I have an ESX 4.0.0 Build 164009 box that disconnected from vCenter (4.0.0 - Build 258672) and is no longer able to be reached or managed by any means other than the console. This disconnect occurred about 3-4 hours after adding vCenter, upgrading the vSphere client and upgrading the ESX host in question's license (via vCenter) from ESX Standard to Enterprise Plus (it was previously managed by vSphere client directly as a stand alone host). I also added a second ESX host (build 261974) to the Datacenter in vSphere, but turned on no features and performed no updates to either box. The update manager does show that the box with issues needs quite a few updates, but that will have to wait for later or until I can get the running machines off the box. Once I saw the number of updates needed I disabled the update manger plug in.

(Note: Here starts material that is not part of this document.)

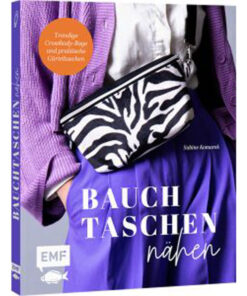 Bauchtaschen nähen - EMF Verlag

Here's a quick synopsis of what works and what doesn't:
Works:
1) Console access
2) All machines on the box are running with no issues
No working:
1) Cannot connect via SSH. Telnet to port 22 shows nothing.
2) Unable to ping box
3) From the console, if I attempt to ping out to gateway or any other box I receive "ping: sendmsg: Operation not permitted"
What I've tried so far:
1) Restarting management agents based on http://kb.vmware.com/selfservice/microsites/search.do?language=en_US&cmd=displayKC&externalId=100349...
2) When I attempt restart of management agents, the ESX Server Host Agent will hang on stopping. I have then manually killed the pid for hostd. Once done, I am able to start the host agent, but still cannot connect to the server via SSH, vCenter, etc and have the same issues as above.
3) I have verified that all NICs are up and the switch they are connected to show UP on the appropriate ports.
4) I verified that disk space is not an issue (<40% used on / and only 4% use on /log)
Extra Info:
1) I have running production machines that have not been impacted other than difficulty in managing them.
2) I will be unable to help with this situation starting tomorrow for a few days (Murphy strikes) and am hoping there is an easy/safe fix that allows me to keep the host up without a restart. I am weighing leaving it as is vs. restarting and having the entire system refuse to come up.
3) All storage is local.
4) esxcfg-route shows VMkernel default gateway as 0.0.0.0. Not sure this is an issue as other host that are working show the same.
5) I am showing 6 instances of vmware-watchdog running and 4 instances of vmware-vimsh running.
6) Looking at esxtop load is .15, .25 and .21
7) Looking at top load is 1.2, 1.1 and 1.1
Box is a Dell 2950, dual dual core box with 16GB
Any thoughts and suggestions are most welcome.